# I QFT for the Gifted Amateur Question (3)

1. Oct 27, 2016

### 43arcsec

In exercise 17.1 we are asked to show that the propagator:

$$G^+_o(p,t_x,q,t_y)=\theta(t_x-t_y)<0|\hat{a}_p(t_x)\hat{a}^\dagger_q(t_y)|0>$$ is the same as

$$\theta(t_x-t_y)e^{-i(E_pt_x-E_qt_y)}\delta^{(3)}(p-q)$$

so we can take the time dependence out of the creation and annihilation operators by using the time evolution operators giving us

$$\theta(t_x-t_y)<0|e^{iHt_x}\hat{a}_pe^{-iH(t_x-t_y)}\hat{a}^\dagger_q e^{-iHt_y}|0>$$

If I have this right, then the rightmost Hamiltonian acts on the ground state |0> to produce $$e^{-iE_gt_y}$$
The middle Hamiltonian acts on the ground state with a particle of momentum q added at times tx and ty to produce $$e^{-i(E_g+E_q)t_x-i(E_g+E_q)t_y}$$
The leftmost Hamiltonian acts on the ground state, the particle of momentum q and an annihilated particle p (which turns the energy negative?) at time tx producing $$e^{-i(E_g+E_q-E_q)t_x}$$
Putting this all together we arrive at the correct energy term $$e^{-i(E_pt_x-E_qt_y)}$$

Rewriting, $$G^+_o(p,t_x,q,t_y)=\theta(t_x-t_y)e^{-i(E_pt_x-E_qt_y)}<0|\hat{a}_p\hat{a}^\dagger_q|0>$$

So I am left with the questions:

1)what justifies the creation and annihilation operators combining to give the $$\delta^{(3)}(p-q)$$
2) where does the 3 come from on the $$\delta^{(3)}$$

2. Oct 27, 2016

### vanhees71

I'd use the fact that $\hat{H}|0 \rangle=|0 \rangle$, then that $\hat{a}_q^{\dagger}|0 \rangle$ is a eigenstates of the Hamiltonian with eigenvalue $E_{\vec{q}}=\sqrt{m^2+\vec{q}^2}$ etc. etc.

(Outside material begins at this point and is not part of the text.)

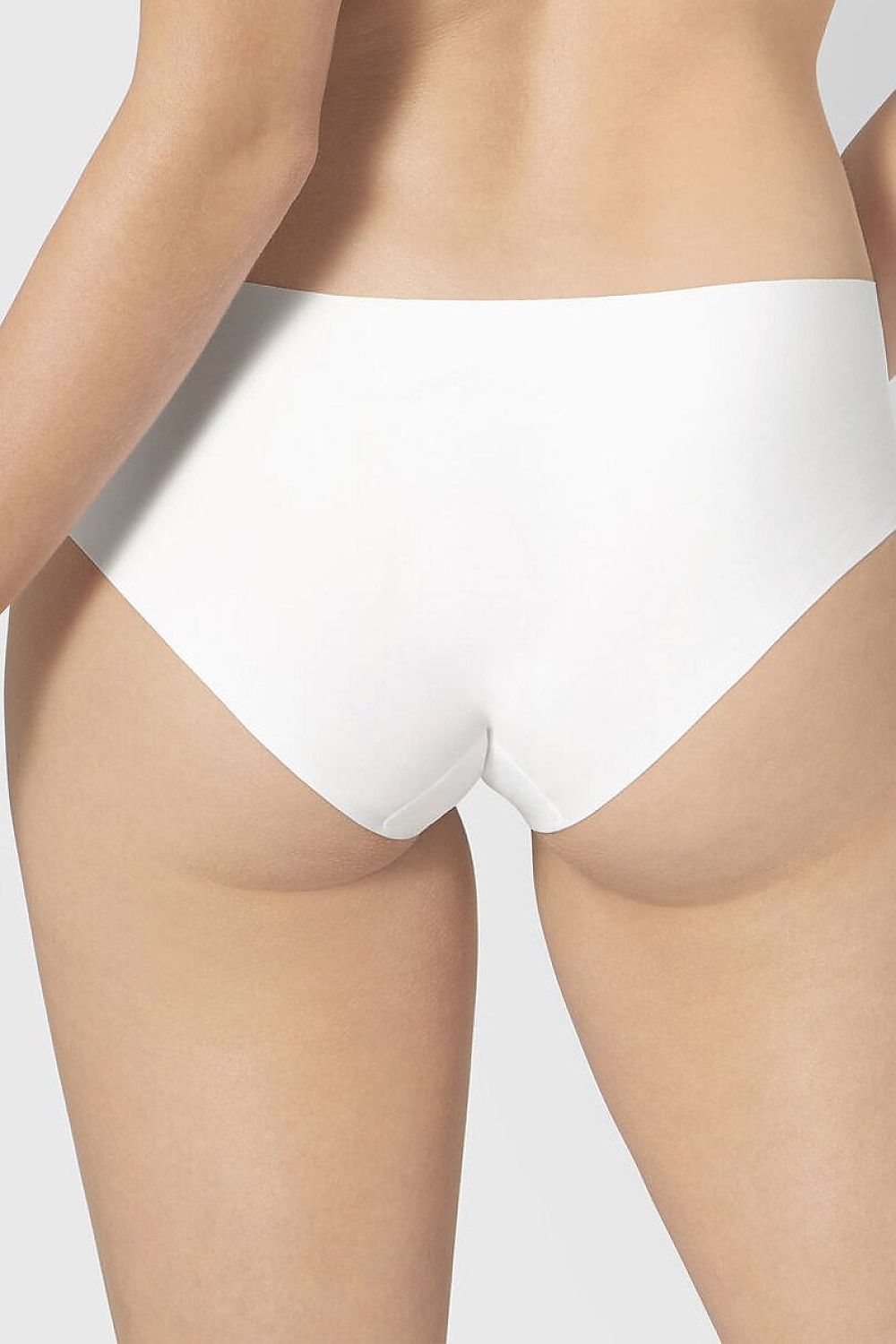  Figi  Hipster Model Zero Feel EX 10186739 187750 White - Sloggi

This should step by step lead to the equation you want to proof.

BTW: You should post that kind of questions to the homework forum! It doesn't help you, if we just present the solution. Hints for how to solve the problem youself is much better help (although less convenient for you ;-)).